Publisher: Hodder & Stoughton (Trade Paperback – 2 April 2020)

Series: Flavia Albia – Book Eight

Length: 399 pages

My Rating: 5 out of 5 stars

Get ready for an outstanding historical murder mystery as one of my favourite authors, Lindsey Davis, returns with another book in her amazing Flavia Albia series, The Grove of the Caesars.

“Don’t go to the Grove.”

Rome, 89 AD. Flavia Albia, professional informer and all-around busy body, is still adjusting to domestic life with her new husband. When he is called away for a family emergency, Flavia takes up the reins of his construction business and begins to supervise several of their projects, especially a demolition and construction job within the sprawling gardens outside the city that Caesar long ago gifted to the people of Rome.

Ignoring the subtle warnings of those men familiar with the gardens to stay away from them and their accompanying sacred grove, Flavia visits the worksite, where she finds a series of mysterious scrolls buried in a cave. Why has someone buried a mass of scrolls from obscure Greek philosophers, and what dark secrets do the scrolls hold? Before Flavia can investigate any further, a woman is brutally murdered at a party held at the grove, and two of Flavia’s slaves go missing.

It turns out that there is a killer lurking in the sacred grove; one who targets women and who has successfully avoided detection for years. With the local vigiles failing to properly investigate the crime, Flavia decides to take on the case. However, can Flavia catch a murderer clever enough to escape justice for two decades, especially once the Emperor’s sinister secret agent Karus takes over the investigation? Forced to work with Karus once again, can Flavia find justice for all the murdered women, or will she end up as the next victim of one of Rome’s most dangerous killers?

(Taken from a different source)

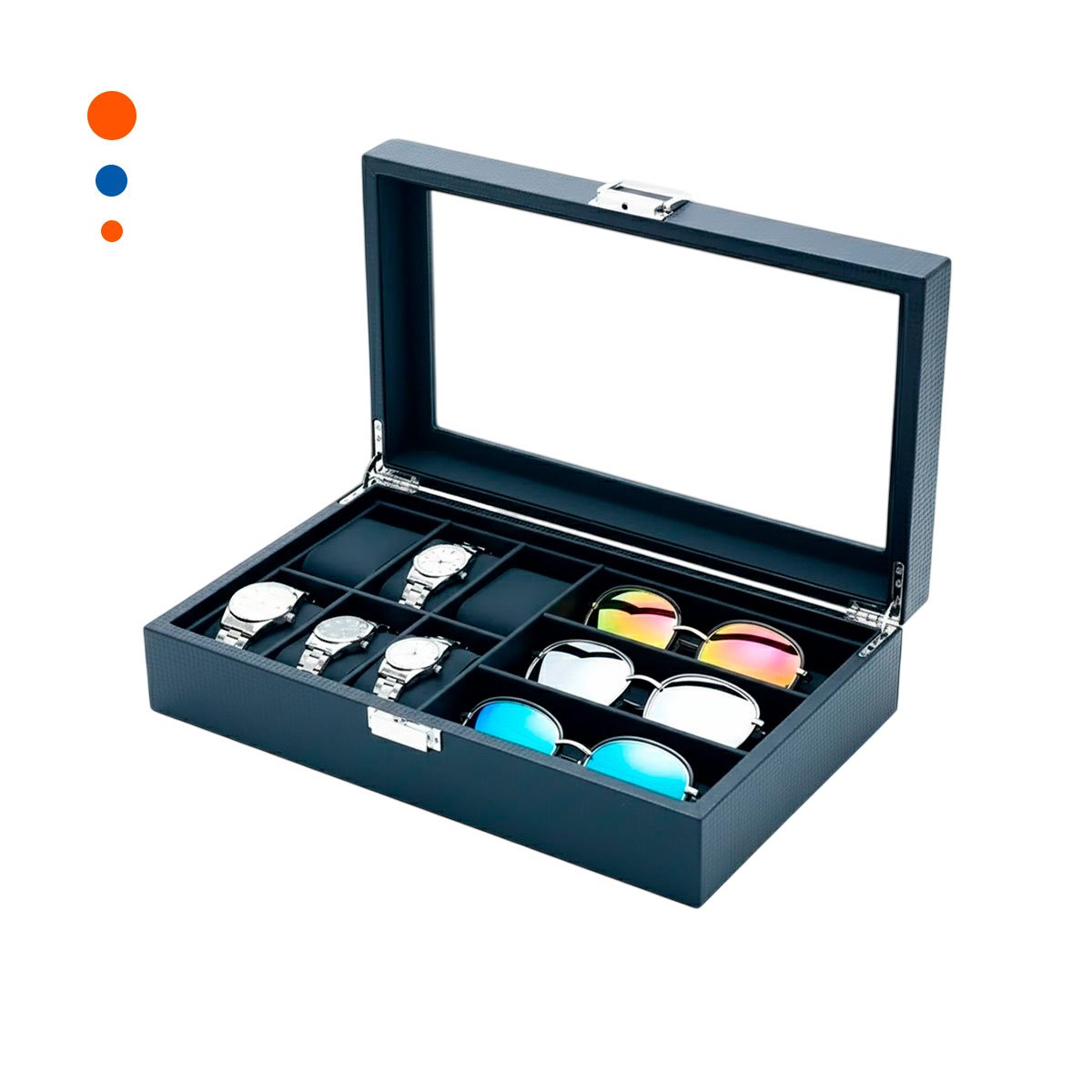 Estuche Porta 6 Relojes y 3 Lentes Negro Completo con Interior Acolchado Y+Papel Regalo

The Grove of the Caesars is a deeply compelling and highly entertaining novel that once again follows the clever and likeable protagonist, Flavia Albia, as she investigates a gruesome murder in the heart of ancient Rome. This is the eighth book in the excellent Flavia Albia series, which acts as a sequel to the 20-book long Marcus Didius Falco series of historical murder mystery novels. I have been a major fan of the Flavia Albia books for years, having read and reviewed all the previous novels in the series as soon as they came out (make sure to check out my reviews for the previous three books, The Third Nero, Pandora’s Boy and A Capitol Death). All of Davis’s previous novels have been extremely enjoyable, and I have been looking forward to reading The Grove of the Caesars for some time now, and once again Davis did not disappoint. The Grove of the Caesars is another outstanding read that successfully combines together a great murder mystery storyline with a detailed historical setting and engaging central protagonist to produce a captivating narrative that I ended up reading in very short order.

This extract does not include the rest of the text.